0
$\begingroup$

Given a string of random symbols with yet a priori unknown distribution, what are the known algorithms to compute its Shannon entropy?

$$H = - \sum_i \; p_i \log p_i$$

Is there an algorithm to compute it without calculating the probabilities $p_i$ first? Having calculated the entropy $H_n$ of the first $n$ symbols can I find the entropy $H_{n+m}$ of the $n+m$ symbols (knowing about the first $n$ symbols only $H_n$)?

  • 1
    If you assume the probabilities you found for the first $n$ symbols are correct for the next $m$, the entropy scales by the number of symbols, so you will have $H_{m+n}=\frac{m+n}nH_n$2012-02-01
  • 0
    @RossMillikan and what if they are almost correct, but I want to improve them with the next $m$ symbols?2012-02-02
  • 0
    If you calculate the $p_i$ over all $m+n$ symbols, then you have $H_n=\frac n{m+n}H_{m+n}$ but I suspect that is not the type of result you want.
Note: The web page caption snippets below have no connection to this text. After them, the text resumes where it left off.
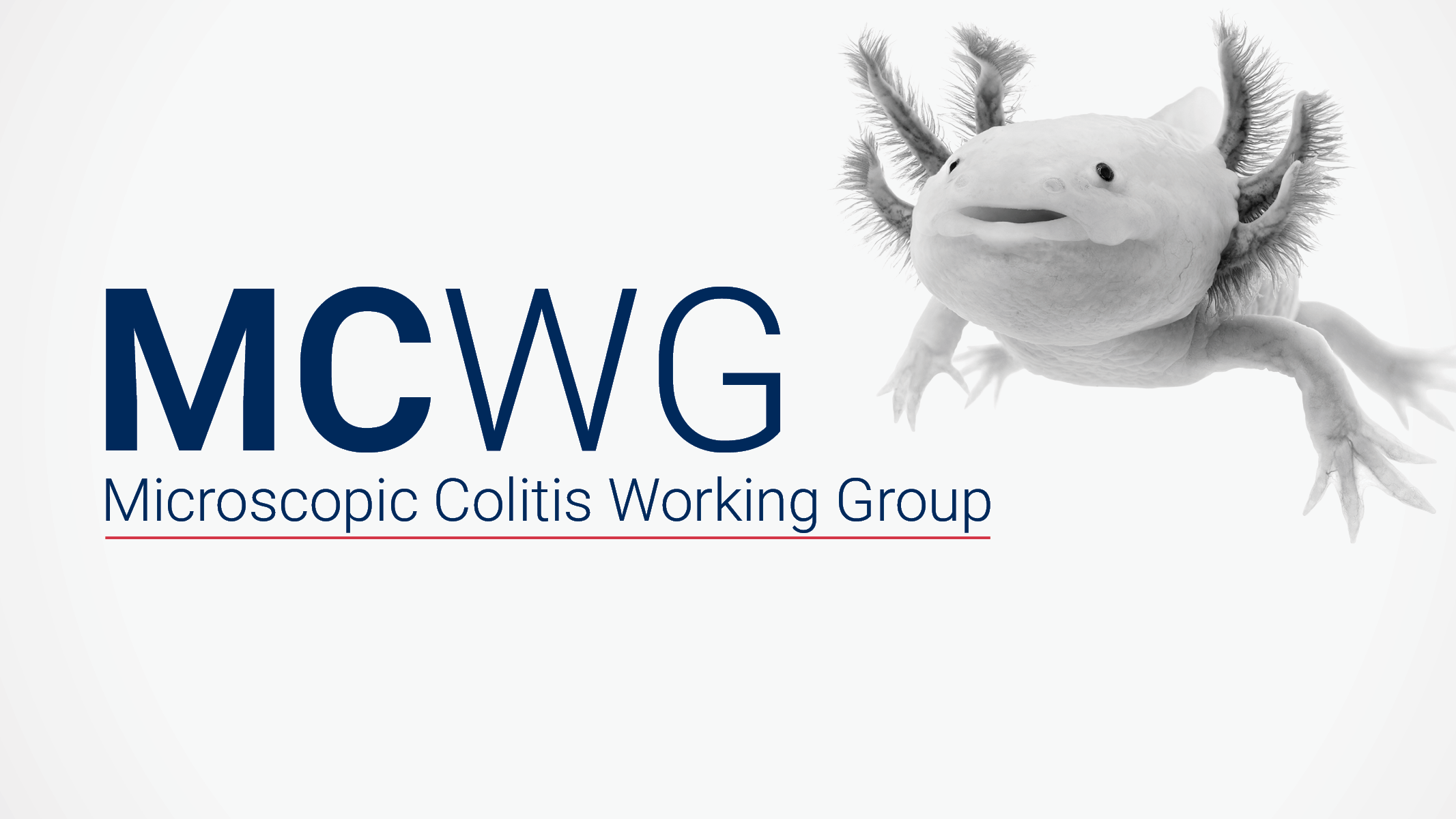 ClinCom logo with a leopard in the background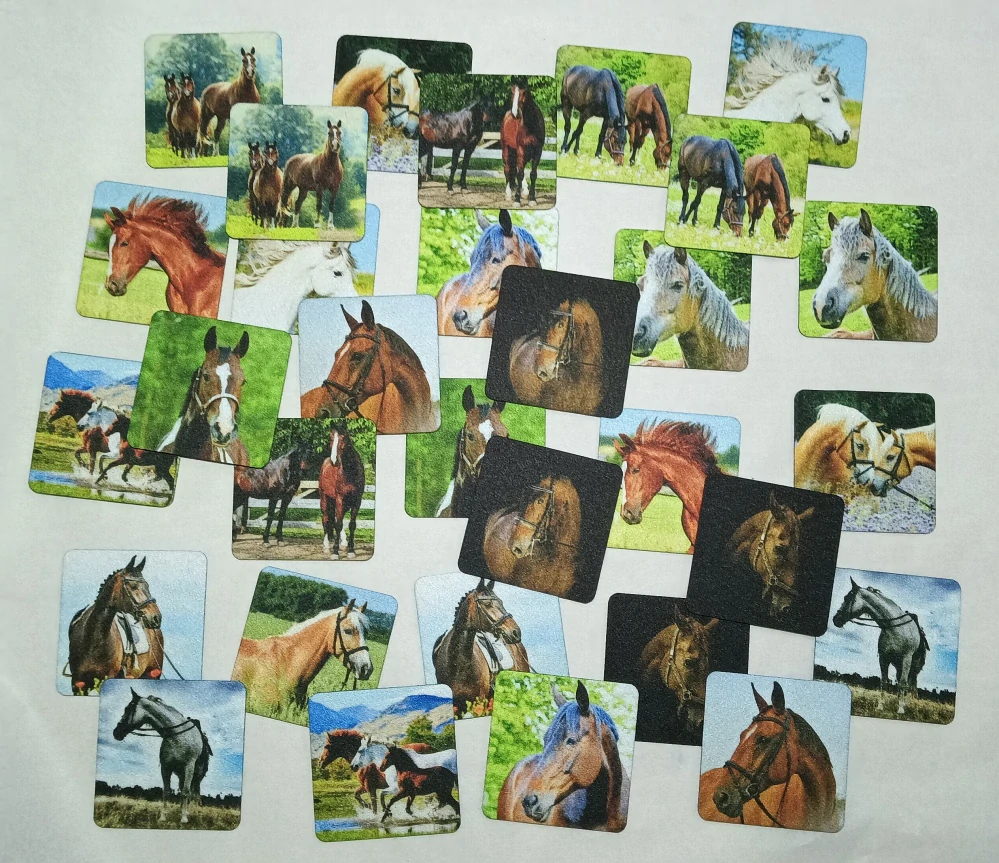 Moon River Pexeso koně 32 ks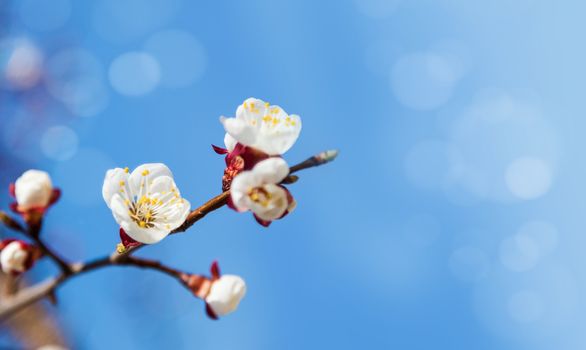 Cherry tree flowers with blue sky. Blured concept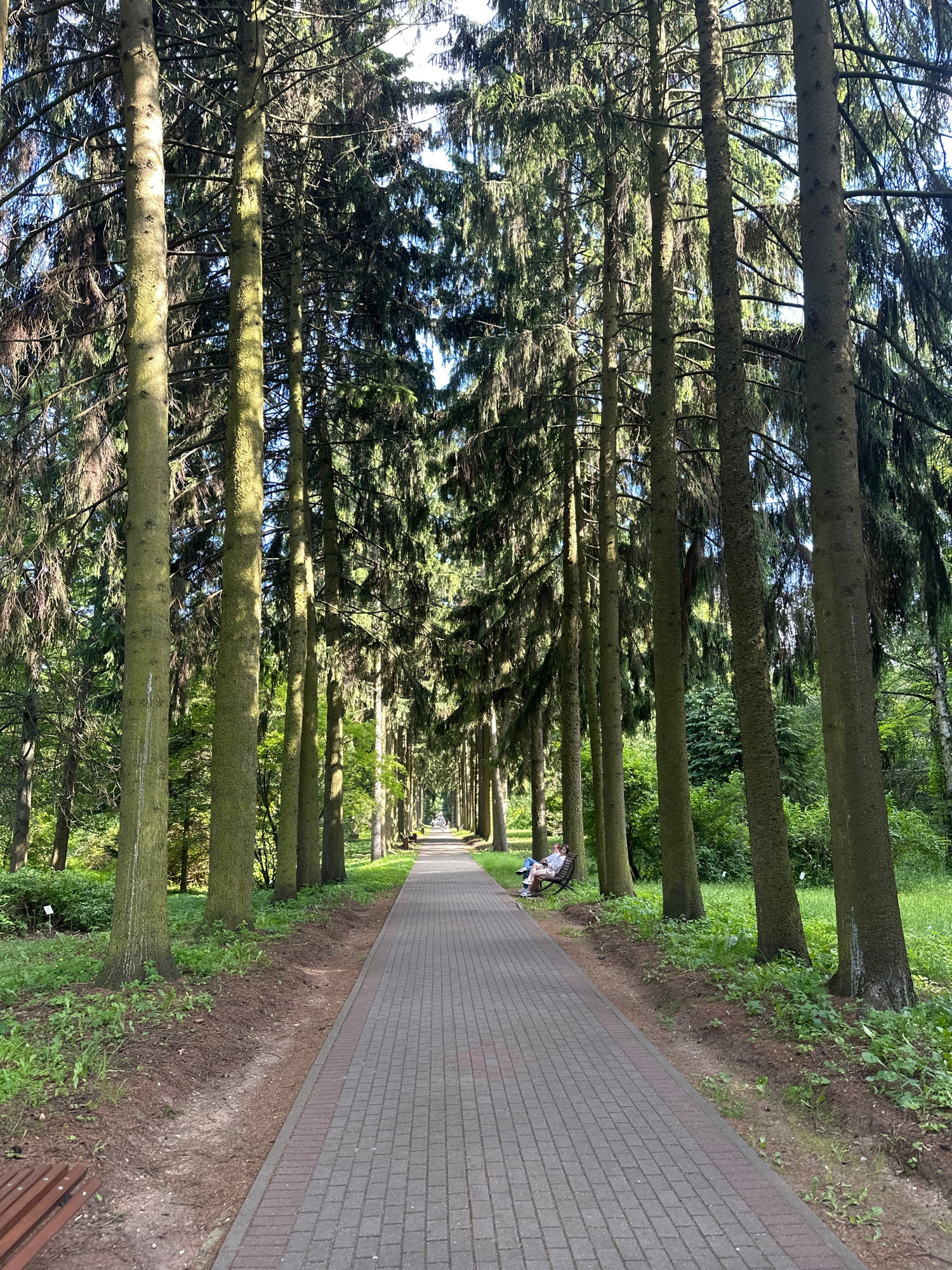 The image shows a paved pathway lined with tall trees, extending into the distance. The pathway is made of gray bricks with a reddish-brown border. Sunlight filters through the dense foliage of the trees, creating a dappled light effect on the path. On the right side of the path, a bench is occupied by two individuals, a man and a woman, who are seated and facing away from the camera. They appear to be relaxed, with the man wearing a light-colored shirt and the woman in a light-colored top and dark pants. The surrounding environment is lush and green, with grass and various plants growing on either side of the pathway. The scene evokes a sense of tranquility and nature.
If they are almost correct, it will almost scale. But I don't think there is an easy middle ground.2012-02-02

1 Answers 1

2

Is there an algorithm to compute it without calculating the probabilities $p_i$ first?

I doubt it, but I don't have a proof.

Having calculated the entropy $H_n$ of the first $n$ symbols can I find the entropy $H_{n+m}$ of the $n+m$ symbols (knowing about the first $n$ symbols only $H_n$)?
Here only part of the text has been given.